Because of the substances dissolved in the oceans, the pH of surface sea-water is about 8.2 pH.  And due to the increasing CO₂ in the atmosphere, more CO₂ has dissolved in the oceans lowering over two centuries the pH from 8.3, a 30% increase in H⁺¹ concentration.  That increase may be enough to modify the balance of life in the ocean, for example greatly reducing the viability of the great coral reefs.  Continued use of fossil fuels may decrease pH 0.5 by the end of the century.

Experiment

To develop a feel for the effect of CO₂ on H⁺¹ concentration in water, we need a method of detecting pH differences.  At higher concentrations our human tongues detect H⁺¹ as a tangy sour taste.  But at the concentration of tap water or sea-water, our senses need assistance.  Fortunately there are chemicals called indicators which change color when immersed in water of different pH.  While it is possible to purchase pH indicators, it is reasonably easy to extract natural indicators from fruits such as blueberries, blackberries, purple grapes, flowers such as rose petals and leaves such as purple cabbage.  While you might want to experiment with some of other indicators, the directions below explain how to obtain a low cost natural indicator.  The procedure that follows will extract anthocyanin pigments from the purple cabbage leaves to serve as indicators of pH changes.  But the procedure could be used to extract other natural indicators as well.
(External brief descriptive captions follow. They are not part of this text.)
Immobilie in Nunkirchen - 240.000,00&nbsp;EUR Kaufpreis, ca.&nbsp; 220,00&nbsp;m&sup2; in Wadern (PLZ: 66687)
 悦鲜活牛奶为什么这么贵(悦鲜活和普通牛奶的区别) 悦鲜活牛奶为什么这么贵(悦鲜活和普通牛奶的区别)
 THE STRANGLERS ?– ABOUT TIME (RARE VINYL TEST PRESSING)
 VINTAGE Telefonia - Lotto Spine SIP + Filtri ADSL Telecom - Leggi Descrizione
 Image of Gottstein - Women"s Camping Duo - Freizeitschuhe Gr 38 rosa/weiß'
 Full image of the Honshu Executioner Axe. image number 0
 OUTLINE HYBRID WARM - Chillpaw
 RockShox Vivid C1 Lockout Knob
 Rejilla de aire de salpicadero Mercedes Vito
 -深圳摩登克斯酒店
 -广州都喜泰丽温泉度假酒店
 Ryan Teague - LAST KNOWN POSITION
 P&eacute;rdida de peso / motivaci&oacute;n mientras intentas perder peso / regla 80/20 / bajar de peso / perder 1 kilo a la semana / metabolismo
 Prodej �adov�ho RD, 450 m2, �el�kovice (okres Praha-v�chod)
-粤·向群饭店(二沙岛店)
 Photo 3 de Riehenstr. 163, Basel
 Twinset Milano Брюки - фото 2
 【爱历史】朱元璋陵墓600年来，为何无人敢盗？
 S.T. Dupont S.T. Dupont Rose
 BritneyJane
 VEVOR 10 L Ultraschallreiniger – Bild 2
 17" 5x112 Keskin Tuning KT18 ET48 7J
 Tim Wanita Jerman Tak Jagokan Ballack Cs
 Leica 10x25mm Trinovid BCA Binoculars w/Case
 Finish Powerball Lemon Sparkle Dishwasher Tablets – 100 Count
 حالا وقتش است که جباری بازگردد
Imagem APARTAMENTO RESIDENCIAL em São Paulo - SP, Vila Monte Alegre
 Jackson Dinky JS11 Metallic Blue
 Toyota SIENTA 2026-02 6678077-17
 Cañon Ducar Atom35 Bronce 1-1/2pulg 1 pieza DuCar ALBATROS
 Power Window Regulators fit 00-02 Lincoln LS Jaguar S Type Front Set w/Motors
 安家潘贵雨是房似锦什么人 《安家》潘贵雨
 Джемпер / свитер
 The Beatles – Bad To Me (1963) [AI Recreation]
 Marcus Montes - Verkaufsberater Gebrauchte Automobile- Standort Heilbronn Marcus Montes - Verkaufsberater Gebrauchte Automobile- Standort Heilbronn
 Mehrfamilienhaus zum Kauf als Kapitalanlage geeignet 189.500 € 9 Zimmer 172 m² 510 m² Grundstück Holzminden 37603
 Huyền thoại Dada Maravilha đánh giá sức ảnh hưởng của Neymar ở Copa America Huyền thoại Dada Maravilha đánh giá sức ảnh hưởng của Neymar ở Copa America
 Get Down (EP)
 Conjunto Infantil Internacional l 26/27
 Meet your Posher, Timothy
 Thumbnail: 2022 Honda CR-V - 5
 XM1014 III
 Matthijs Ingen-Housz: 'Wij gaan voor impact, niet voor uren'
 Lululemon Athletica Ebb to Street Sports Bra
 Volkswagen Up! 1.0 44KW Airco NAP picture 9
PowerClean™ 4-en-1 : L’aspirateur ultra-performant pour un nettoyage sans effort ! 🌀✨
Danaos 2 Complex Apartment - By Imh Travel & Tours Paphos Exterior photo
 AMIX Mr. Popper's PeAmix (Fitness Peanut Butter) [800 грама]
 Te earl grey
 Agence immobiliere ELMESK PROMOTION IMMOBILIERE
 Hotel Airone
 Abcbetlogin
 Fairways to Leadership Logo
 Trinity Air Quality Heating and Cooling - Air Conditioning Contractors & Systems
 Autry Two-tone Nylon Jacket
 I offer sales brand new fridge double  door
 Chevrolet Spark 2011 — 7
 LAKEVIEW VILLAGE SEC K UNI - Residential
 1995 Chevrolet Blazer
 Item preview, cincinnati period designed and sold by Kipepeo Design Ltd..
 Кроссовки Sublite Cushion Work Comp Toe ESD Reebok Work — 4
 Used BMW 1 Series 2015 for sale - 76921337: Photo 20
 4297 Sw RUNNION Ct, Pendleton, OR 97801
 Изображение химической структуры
1. Obtain and prepare a device or substances capable of distinguishing the anticipated situations.  Specialized pH meters can be used, but the description below provides a versatile, inexpensive procedure using chemical indicators which will often be adequate.
2. Standardize the readings of the equipment or the chosen substances by comparing using substances of known values.  Here too pH standards can be purchased or obtained from others, but the procedure below describes how readily available substances of known pH can be used.
3. Once the apparatus or material is standardized, it can be used for making the desired comparisons.  In this experiment a procedure describes how pH sensitive chemical indicators might be used to investigate the effect of dissolved CO₂ on water pH.  But a wide range of experiments can be done using standardized pH indicators or equipment.

Procedure

Step I: Preparation of an Indicator

• several red cabbage leaves (or equivalent of flower petals, blue berries, purple grapes, or blackberries. Shown at right is a mix of immature and ripe blackberries used to make the sample chart shown in Step II below.)
• 1/2 cup (~125 mL) alcohol (rubbing alcohol, isopropanol, or ethanol)
• 1/2 cup (~125 mL) water
• apparatus for grinding leaves (chemists use a mortar and pestle, but ancients successfully used hand sized rocks)
• filter or strainer (coffee filter, cloth, or layers of porous paper such as paper towels)
• storage container with lid

1. Tear or cut the thin, highly colored sections of several cabbage leaves into small pieces.
   
   
2. Grind to tear open the plant cells to release the pigments.  Adding a little clean sand might help.
   
   
3. Cover with a 50:50 mixture of water and alcohol.  (Rubbing alcohol typically already contains both.)
   
   
4. Stir or grind a bit then let stand, covered, until solution is deeply colored.  Overnight extraction might be a reasonable time period.
   
   
5. Filter or strain to obtain the colored indicator liquid.
   
   
6. Store for later use.  The indicator might be kept covered in a refrigerator for months.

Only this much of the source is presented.